For the word "Alloy", copy every line of the material that includes it.

◆ ◆ ◆

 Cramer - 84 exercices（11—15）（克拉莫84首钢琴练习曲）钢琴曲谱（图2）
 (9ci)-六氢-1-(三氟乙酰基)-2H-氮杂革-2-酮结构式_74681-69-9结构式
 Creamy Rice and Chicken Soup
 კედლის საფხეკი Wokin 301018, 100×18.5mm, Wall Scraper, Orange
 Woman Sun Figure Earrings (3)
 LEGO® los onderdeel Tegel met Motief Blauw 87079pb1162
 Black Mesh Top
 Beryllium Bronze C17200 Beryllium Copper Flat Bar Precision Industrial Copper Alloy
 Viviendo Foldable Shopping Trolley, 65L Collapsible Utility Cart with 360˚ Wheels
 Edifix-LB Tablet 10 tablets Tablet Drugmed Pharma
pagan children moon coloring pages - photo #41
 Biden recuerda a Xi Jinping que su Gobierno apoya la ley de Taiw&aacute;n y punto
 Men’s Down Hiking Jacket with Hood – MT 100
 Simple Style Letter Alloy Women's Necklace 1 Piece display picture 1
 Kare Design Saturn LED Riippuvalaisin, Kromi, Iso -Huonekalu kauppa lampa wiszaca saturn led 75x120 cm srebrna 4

◆ ◆ ◆

Answer:
 Beryllium Bronze C17200 Beryllium Copper Flat Bar Precision Industrial Copper Alloy
 Simple Style Letter Alloy Women's Necklace 1 Piece display picture 1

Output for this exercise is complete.